§ **WORK TO BE COMPLETED**
Print everything in the records exactly. Leave the pictures out.

☆ ☆ ☆ ☆

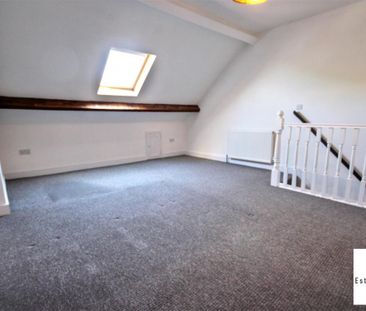 3 Bedroom House - Mid Terrace To Let - Photo 2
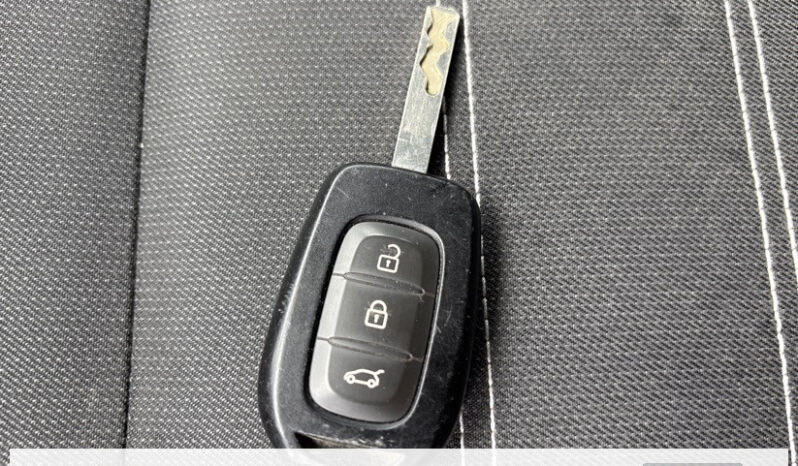 
								Dacia sandero III Confort SCe 65 full									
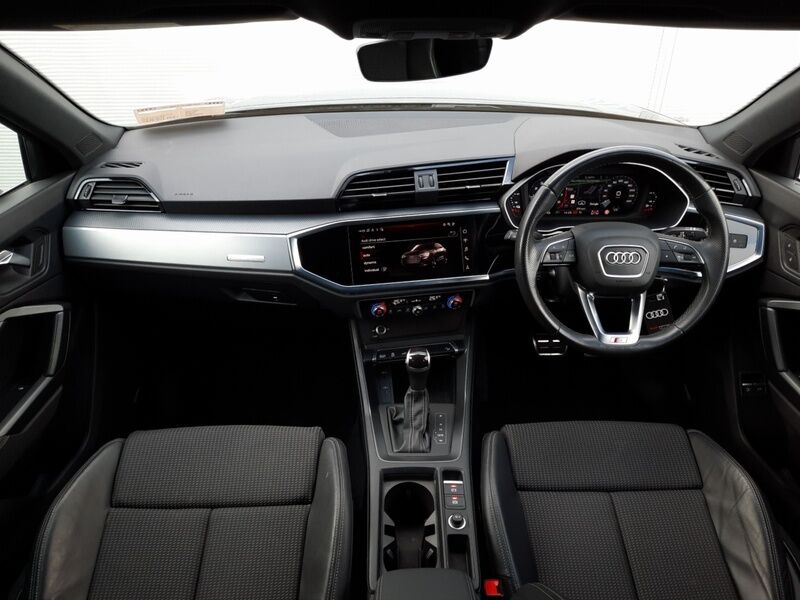 More views of Audi Q3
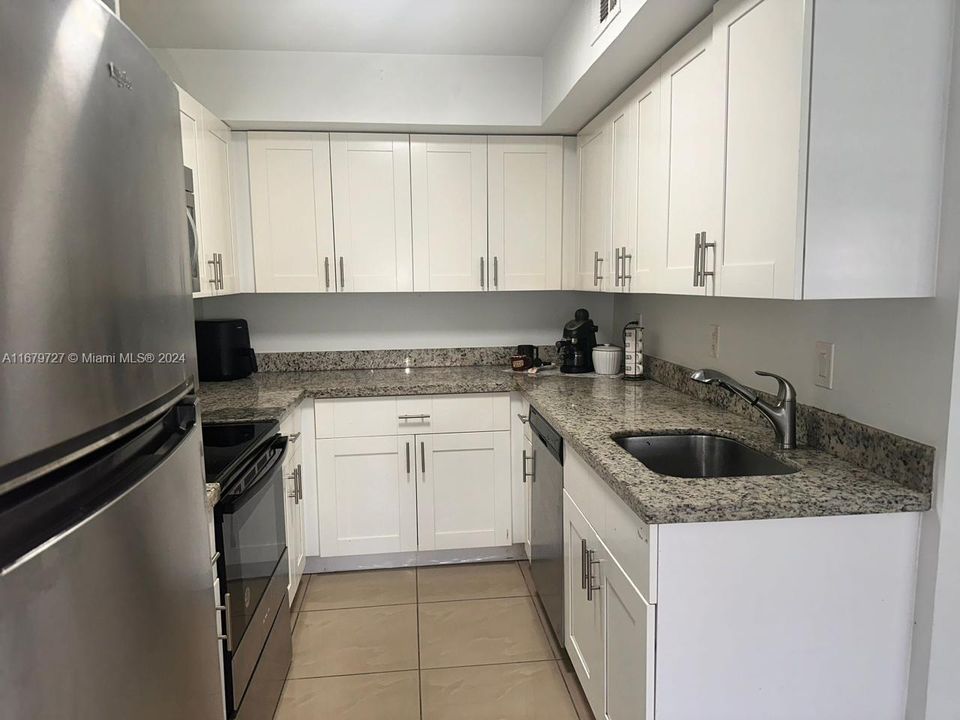 En Venta: $315,000 (2 camas, 2 baños, 979 Pies cuadrados)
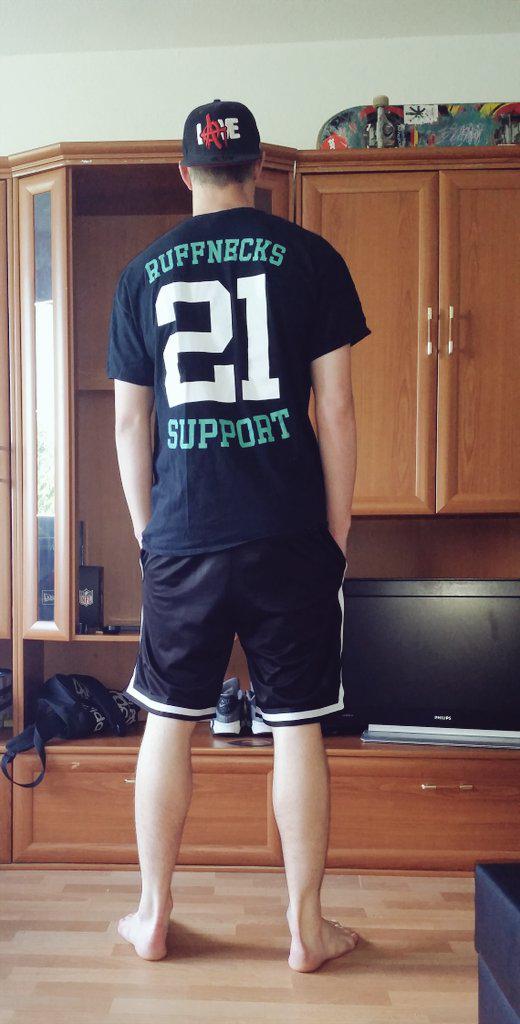 Phillip_Eggert's tweet photo. Bestes Stück!💪
Unfassbar, dass das nächste Album schon fast unterwegs ist!
#StayRuff #21 #Ruffiction 
@crystalf44 http://t.co/ZlagA8G3Qz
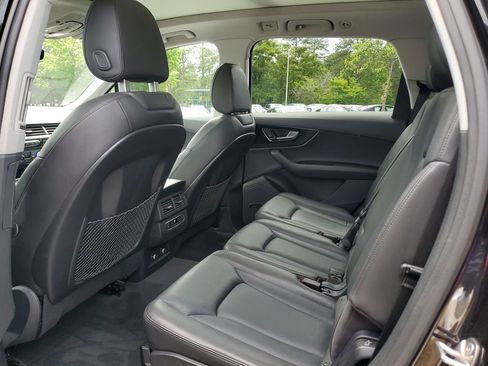Used 2018 Audi Q7 3.0T Premium Plus AWD/4WD image 16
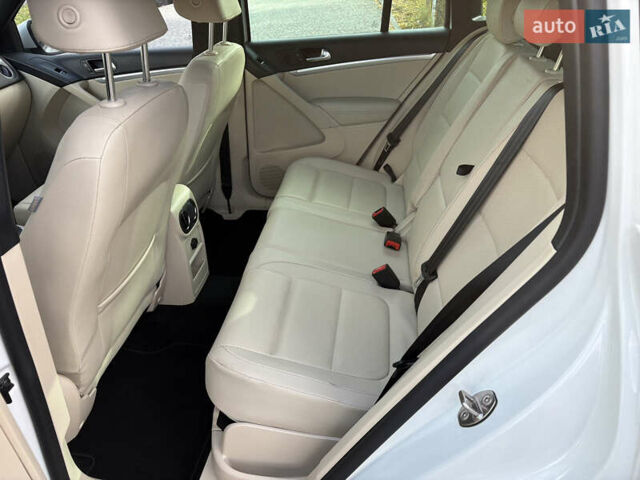 Белый Фольксваген Тигуан, объемом двигателя 2 л и пробегом 147 тыс. км за 13900 $, фото 25 на Automoto.ua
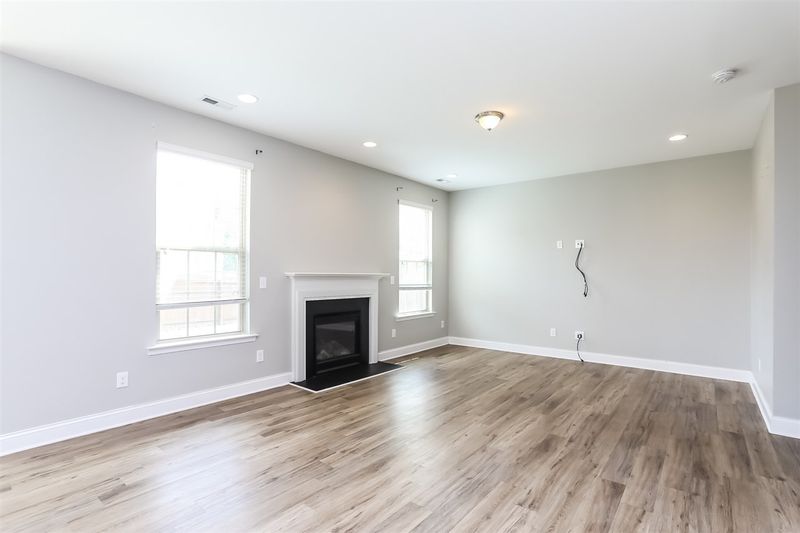 29 Knoll Ct, Garner, NC 27529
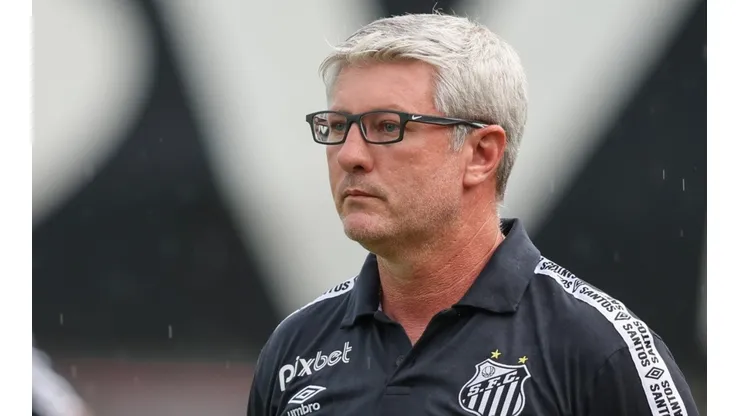 Santos vai com tudo e quer lateral de grande clube europeu
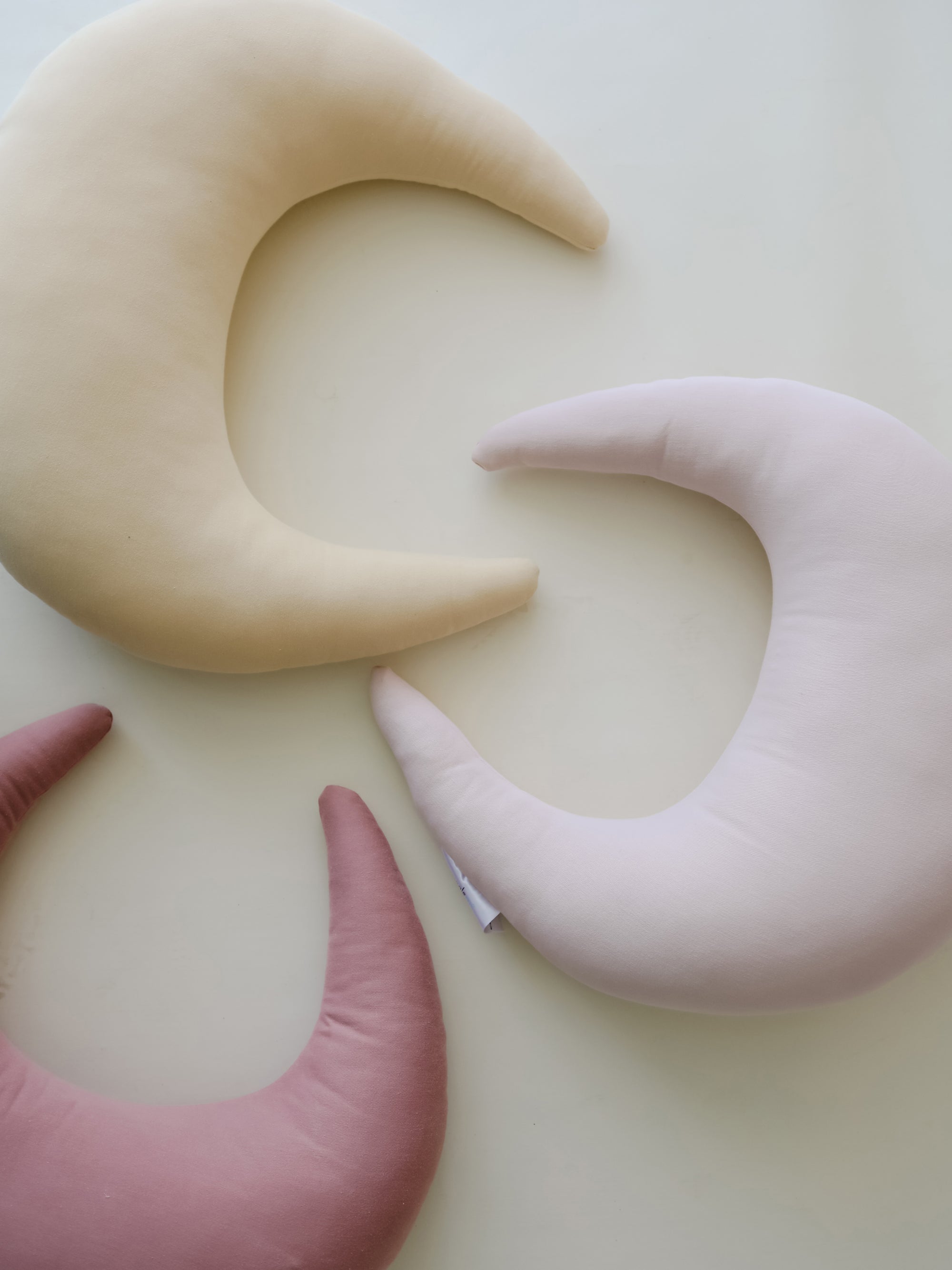 snuggle me organic feeding support nursing pillow petal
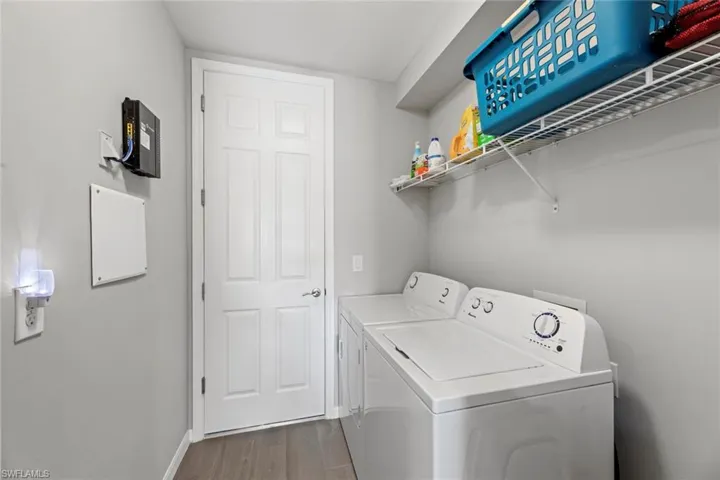 14791  Edgewater  CIR, Naples, FL 34114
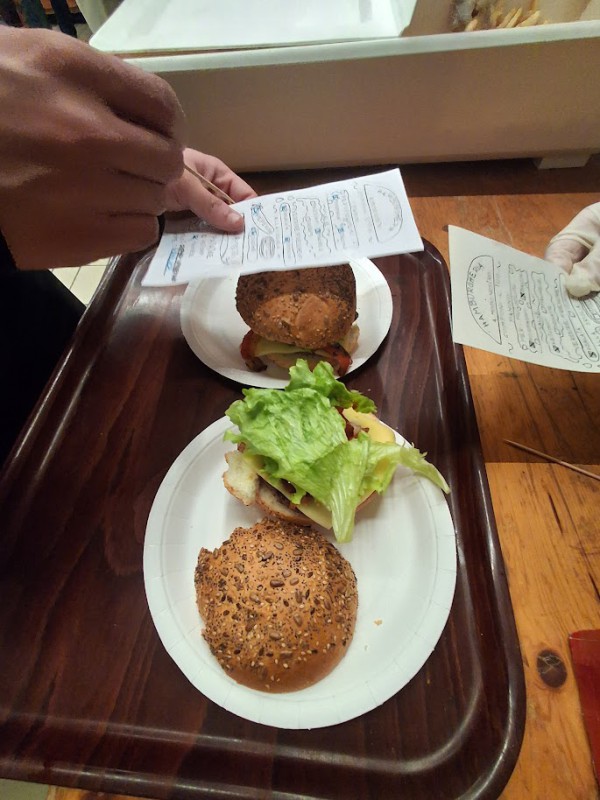 hamburgeriapomi__1_.jpg (102 KB)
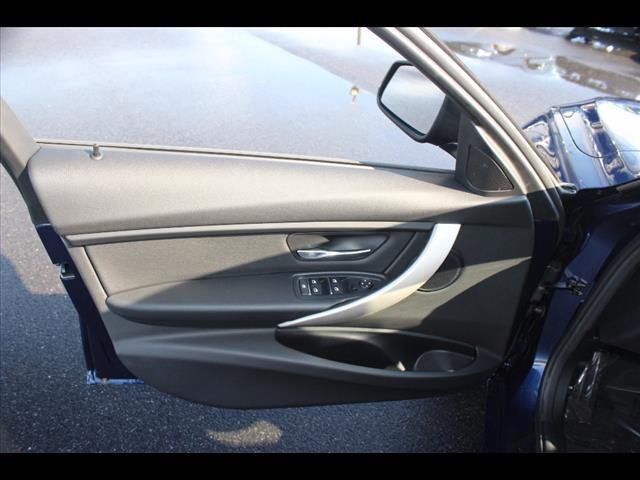 2016 BMW 3 Series 320i xDrive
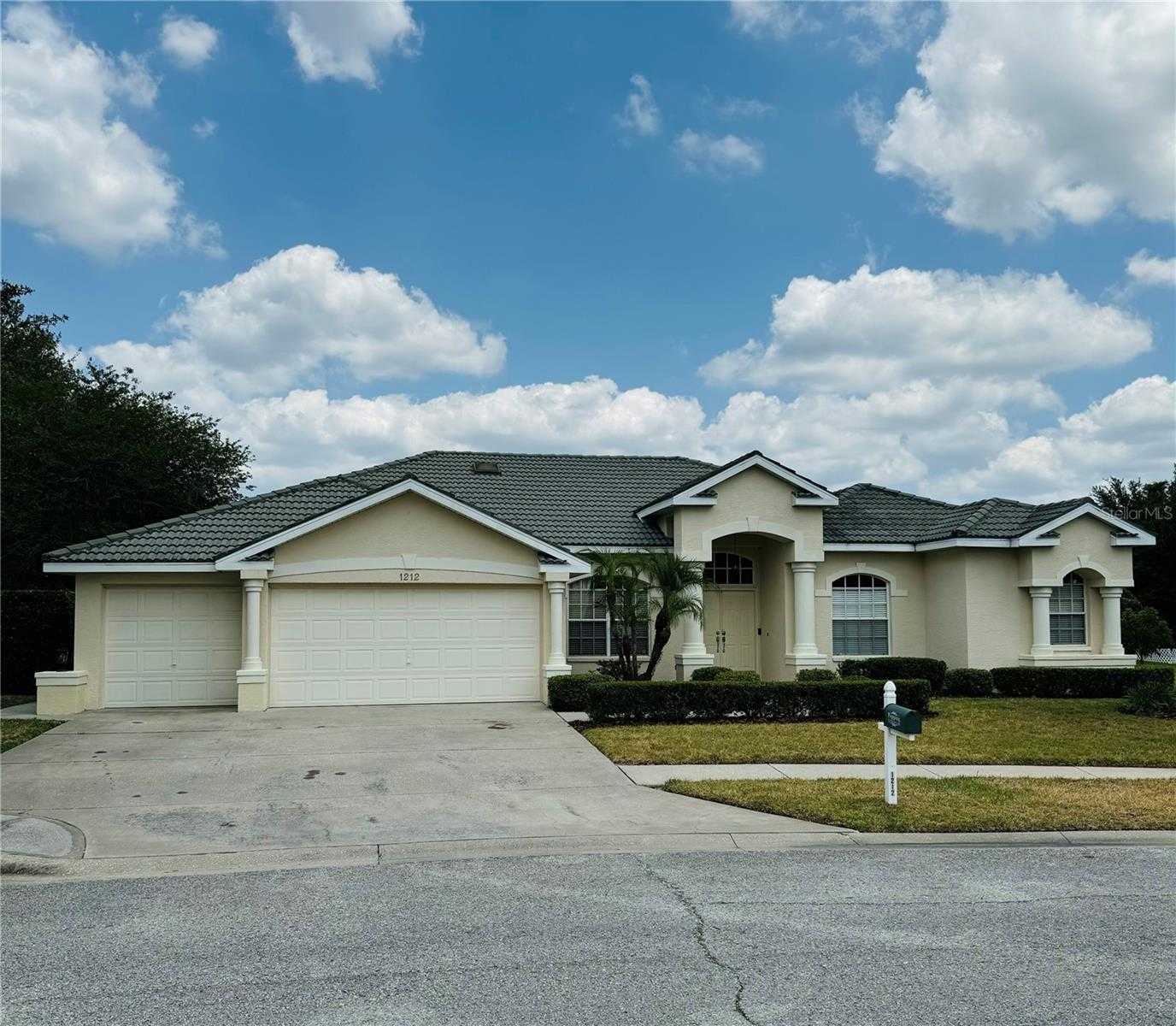 photo 2: 1212 BAYCOVE LANE, LUTZ FL 33549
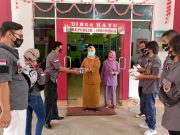 DPW Trader Peduli Indonesia Bagi 1000 Vitamin Dan Masker KN95 Ke Tenaga Kesehatan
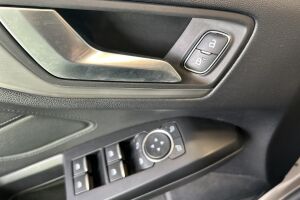 Ford Focus esikatselu 19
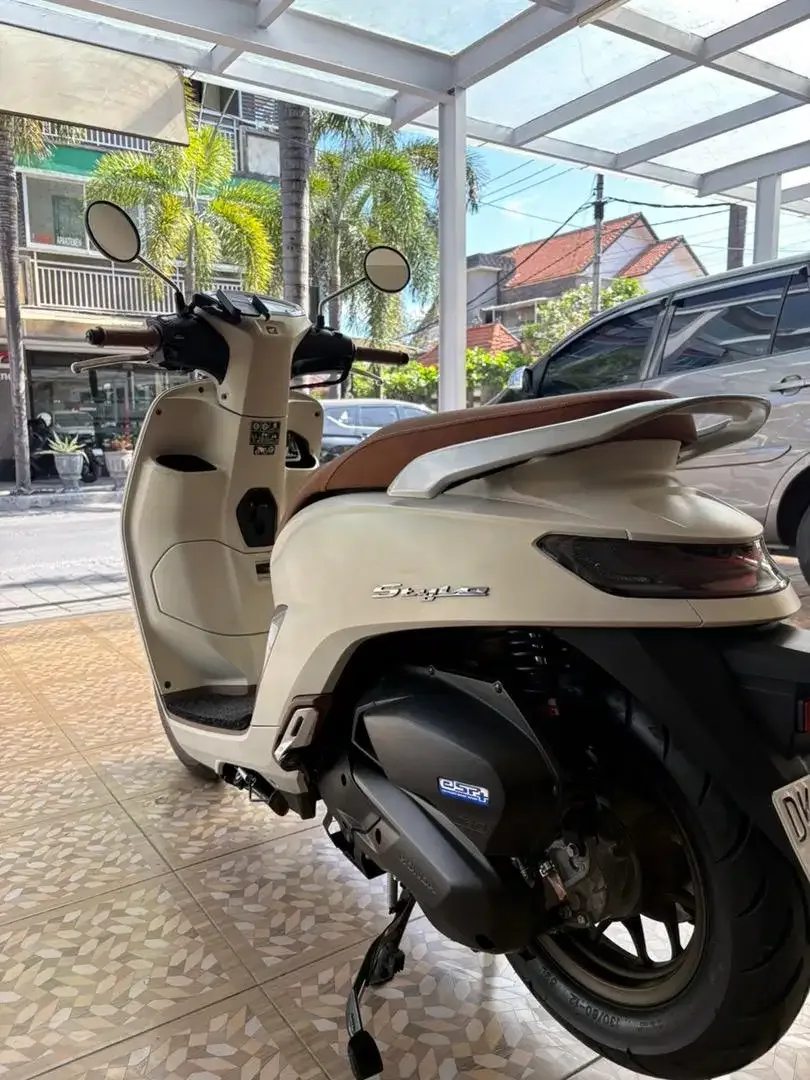 Honda Stylo 160 ABS Low Km - Image 3 of 9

☆ ☆ ☆ ☆

§ **RESULT OF THE TASK**
 3 Bedroom House - Mid Terrace To Let - Photo 2
								Dacia sandero III Confort SCe 65 full									
 More views of Audi Q3
 En Venta: $315,000 (2 camas, 2 baños, 979 Pies cuadrados)
 Phillip_Eggert's tweet photo. Bestes Stück!💪
Unfassbar, dass das nächste Album schon fast unterwegs ist!
#StayRuff #21 #Ruffiction 
@crystalf44 http://t.co/ZlagA8G3Qz
Used 2018 Audi Q7 3.0T Premium Plus AWD/4WD image 16
 Белый Фольксваген Тигуан, объемом двигателя 2 л и пробегом 147 тыс. км за 13900 $, фото 25 на Automoto.ua
 29 Knoll Ct, Garner, NC 27529
 Santos vai com tudo e quer lateral de grande clube europeu
 snuggle me organic feeding support nursing pillow petal
 14791  Edgewater  CIR, Naples, FL 34114
 hamburgeriapomi__1_.jpg (102 KB)
 2016 BMW 3 Series 320i xDrive
 photo 2: 1212 BAYCOVE LANE, LUTZ FL 33549
 DPW Trader Peduli Indonesia Bagi 1000 Vitamin Dan Masker KN95 Ke Tenaga Kesehatan
 Ford Focus esikatselu 19
 Honda Stylo 160 ABS Low Km - Image 3 of 9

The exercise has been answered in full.